Task directions
From the listing below, copy only the lines from the line that contains "Cotton Stretch Twill" to the line that contains "Touched by Nature", counting those two lines as part of the copy.

Dataset excerpts
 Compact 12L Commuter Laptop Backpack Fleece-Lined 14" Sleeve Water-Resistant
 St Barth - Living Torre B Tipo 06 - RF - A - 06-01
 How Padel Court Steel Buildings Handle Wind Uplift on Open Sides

...

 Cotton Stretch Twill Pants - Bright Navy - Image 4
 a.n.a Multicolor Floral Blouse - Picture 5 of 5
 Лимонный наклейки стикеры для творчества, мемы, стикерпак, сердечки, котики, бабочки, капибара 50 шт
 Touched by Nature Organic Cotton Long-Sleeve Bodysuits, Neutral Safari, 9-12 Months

* * *

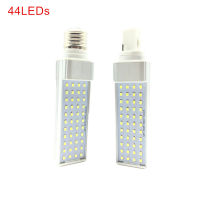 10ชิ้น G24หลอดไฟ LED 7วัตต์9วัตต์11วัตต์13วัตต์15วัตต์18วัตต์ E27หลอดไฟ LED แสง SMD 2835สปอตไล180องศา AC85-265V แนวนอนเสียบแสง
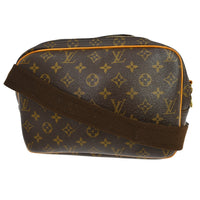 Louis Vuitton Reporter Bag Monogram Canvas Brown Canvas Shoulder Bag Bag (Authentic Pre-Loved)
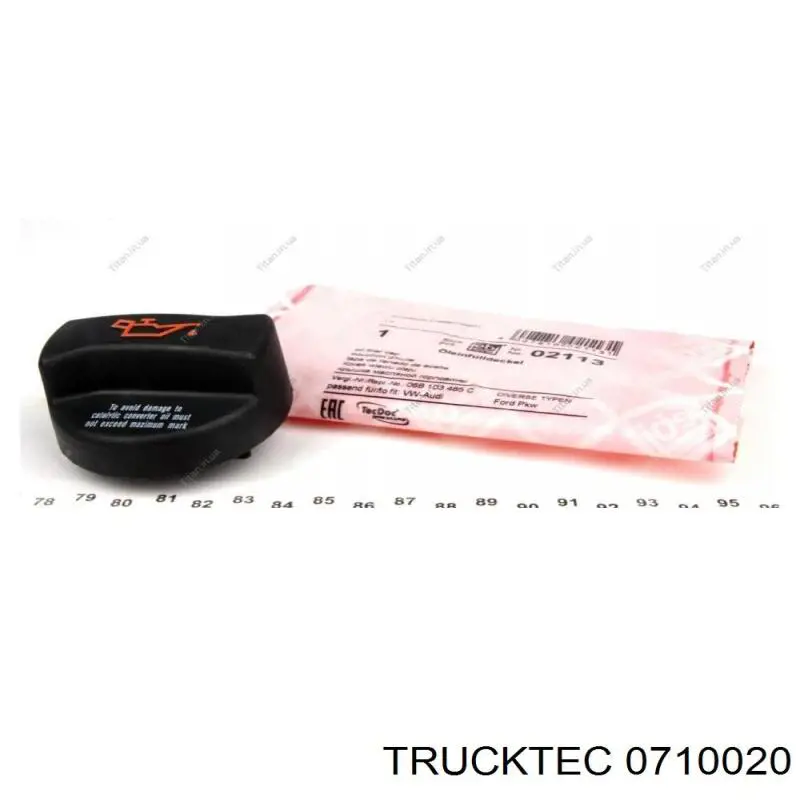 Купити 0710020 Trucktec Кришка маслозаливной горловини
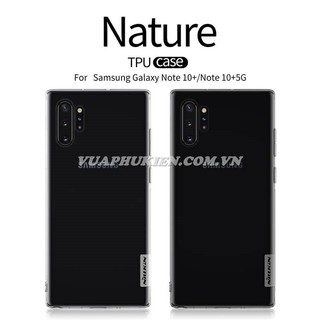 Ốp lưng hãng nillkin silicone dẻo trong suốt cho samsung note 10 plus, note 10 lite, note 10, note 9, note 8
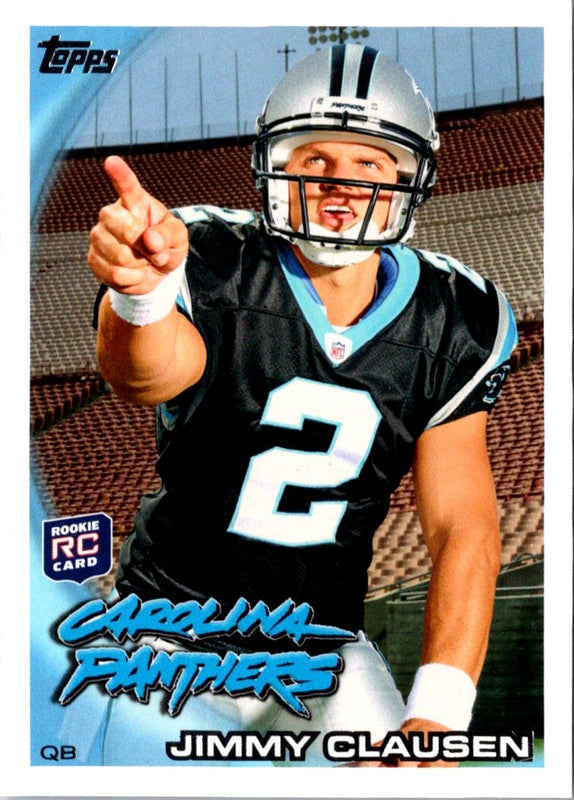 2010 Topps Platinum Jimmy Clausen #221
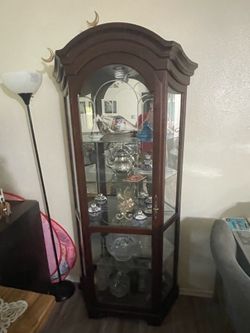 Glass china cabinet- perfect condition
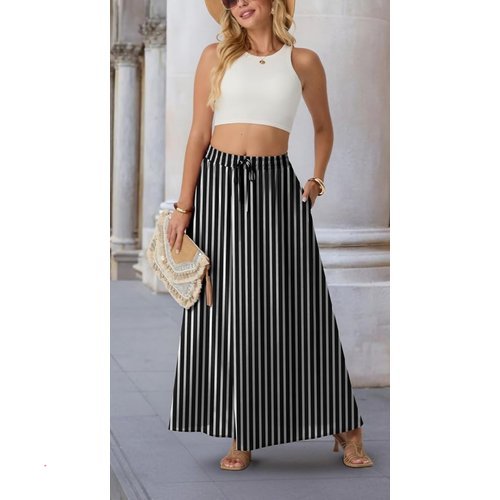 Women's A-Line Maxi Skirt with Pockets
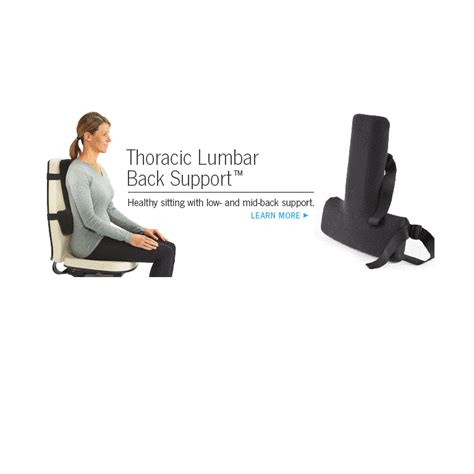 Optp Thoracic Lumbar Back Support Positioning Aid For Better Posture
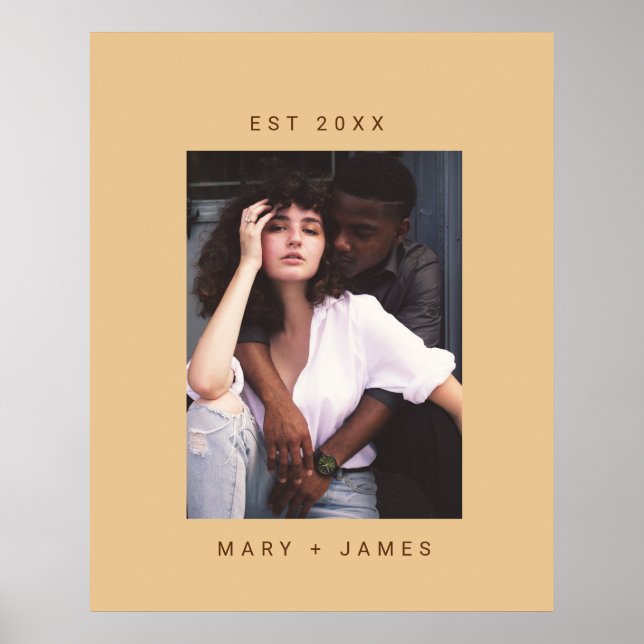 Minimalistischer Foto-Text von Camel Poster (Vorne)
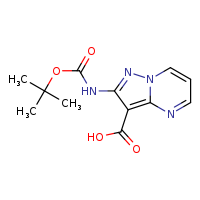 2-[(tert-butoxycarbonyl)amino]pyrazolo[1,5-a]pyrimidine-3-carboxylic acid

Solved exercise
 Cotton Stretch Twill Pants - Bright Navy - Image 4
 a.n.a Multicolor Floral Blouse - Picture 5 of 5
 Лимонный наклейки стикеры для творчества, мемы, стикерпак, сердечки, котики, бабочки, капибара 50 шт
 Touched by Nature Organic Cotton Long-Sleeve Bodysuits, Neutral Safari, 9-12 Months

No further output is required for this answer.